Young Belgians are fuelling a rebound in the property market outside the country’s capital Brussels, where rising housing prices and competition from EU officials and expats have shaped much of the property market.
Buyers under 35 years old accounted for a sharp rise in transactions across Belgium in the first quarter of 2025, spurred by stabilising interest rates, improved borrowing conditions, targeted government incentives, and pressure to act before property values climb further.
In Brussels however, it was not first-time buyers but international residents with tax perks who remained dominant players in the housing market, according to several real estate analysts. Younger buyers settled outside of the capital, where prices are significantly lower, as reported by Belga news agency on April 17.
Real estate agencies have noticed that expats and officials working around the European institutions based in Brussels do not follow this trend. Due to the special low tax regimes that apply to them, different from those of high-tax Belgian residents, they are not driven out of the city. Additionally, their average wages are higher, and their employers often cover housing costs. As a result, the properties they tend to purchase do not qualify for first-time buyer benefits in Belgium.
“That said, eligibility for these benefits can vary depending on individual circumstances, such as property ownership history and residency intentions“, a Brussels based real estate agent specialising in expat housing told Brussels Signal on April 24.
In Brussels, transaction volumes have stagnated and prices continued to climb, the median price moving between €485,000 and €1,100,000 depending on the type of house.
That was against €175,000 in Wallonia and €298,000 in Flanders in 2024, according to a 2024 report by Statbel, the Belgian statistical office. It highlighted that the trend of migration was contributing to growing regional disparities in housing prices.
Across the rest of the country younger buyers were driving momentum in the market.
First-time homeowners have taken advantage of stabilising interest rates and slightly improved borrowing conditions. Lower property prices in Wallonia and some parts of Flanders provided an entry point, while recent government initiatives supporting ownership have played a role in boosting demand among under‑35s.
Expats and institutional investors made city apartment purchases low‑risk assets, especially in central neighbourhoods, while young Belgians have been choosing more affordable areas in Wallonia and Flanders, as Belgian public broadcaster VRT reported.
This shifting geography of demand has had tangible effects: The number of Belgians relocating between regions reached a record high in 2023, with housing costs cited as the main reason.
Several dynamics explained the divergence, expat populations and tax regimes being an important factor.
The capital’s real estate landscape has been heavily influenced by EU staffers and expats, many of whom benefited from a favourable tax status under the revised expat regime passed by the Belgian parliament in January 2024.
Although capped compared to the previous system, the regime still allowed non-Belgian professionals to deduct up to 30 per cent of their salaries from taxable income — a significant advantage over local buyers.

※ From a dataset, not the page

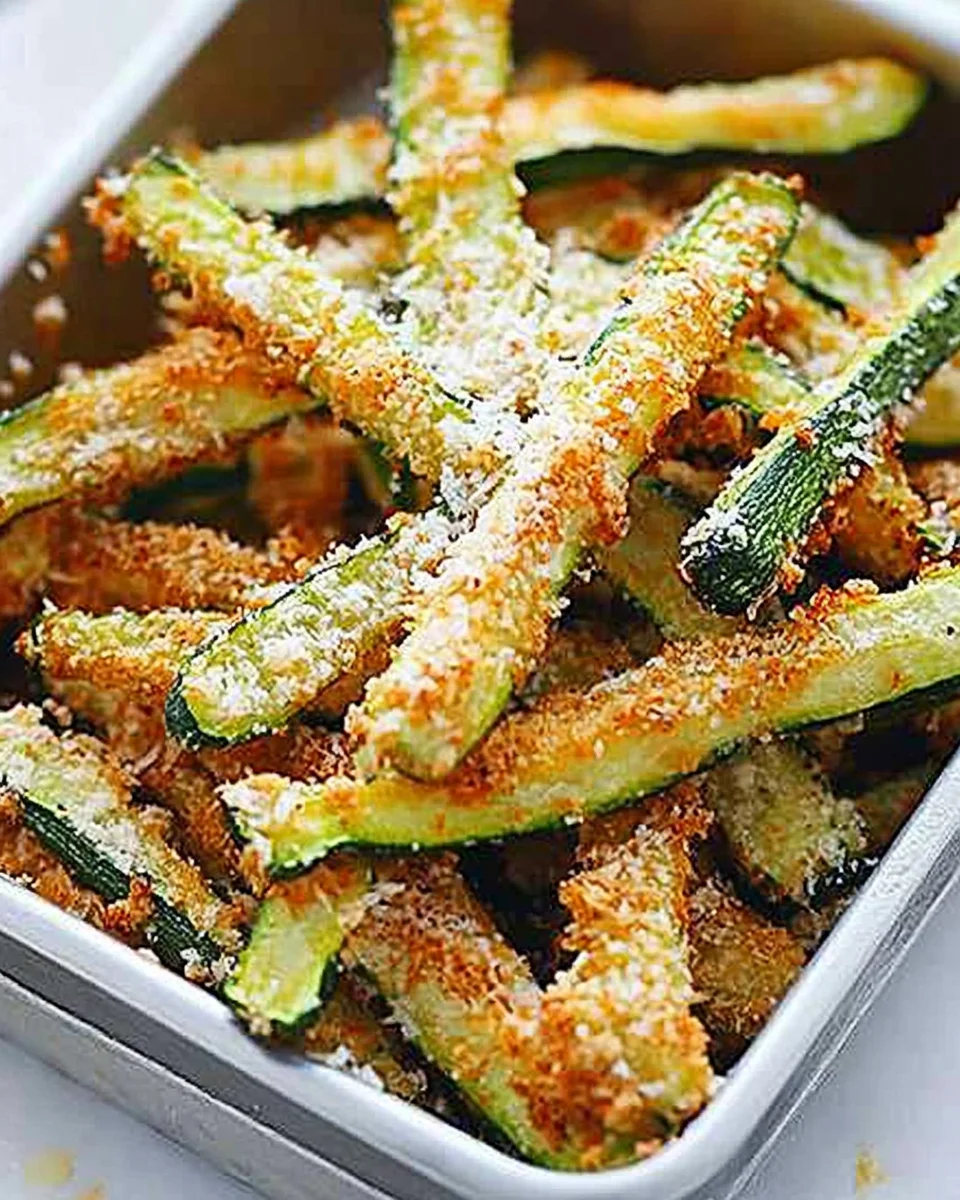 Parmesan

The scheme, which replaced a more generous arrangement scrapped in 2022, was limited to five years but continued to apply to tens of thousands of EU and international workers based in Brussels.
Expats under the regime have been exempt from local communal taxes — which could add several per cent to Belgian residents’ tax bills — further widening the affordability gap.
The broader recovery in the housing market has also been fuelled by expectations of rising prices.
Belgian banks project an average 3 per cent increase in property values this year, reinforcing urgency among younger Belgians to enter the market before affordability deteriorated further, according to a report from Belgian lender ING.
This dynamic has resulted in a different pace of activity between segments of buyers, even as overall demand in Brussels remained robust despite high interest rates.
Efforts to cap rents in Brussels, including a March 2025 ordinance making the reference‑price grid legally binding and allowing tenants to challenge rents more than 20 per cent above reference levels, have begun to curb abusive pricing. Yet they have not so far increased the number of available units, as reported by Belgian media RTBF and La Libre.
In addition, recent tax reforms — including the end of the last remaining fiscal advantage for multi-property owners in April 2025 — were expected to shift rental supply further. Analysts warned that could tighten availability and raise pressure on younger buyers still priced out of the capital.
Besides all of this, the structural and administrative characteristics of the Brussels-Capital Region significantly contributed to its housing challenges.
The fact that Brussels was an enclave entirely surrounded by the Flemish Region limited its capacity for spatial expansion and the development of new housing projects. That has intensified competition for existing properties, driving up prices and exacerbating affordability issues.
Another Statbel report showed that the provinces surrounding Brussels, Flemish Brabant and Walloon Brabant, part of the Flemish and Walloon regions, were the most expensive in the country.
These attracted not only expats but also residents from Flanders, Wallonia and Brussels itself, all seeking proximity to the capital.
This influx has extended pressure to the housing market in surrounding areas.
Sill, given Belgium’s compact size, more and more people have been settling in provinces slightly further afield, which was also an important factor in the rising number of properties bought by younger people outside the capital.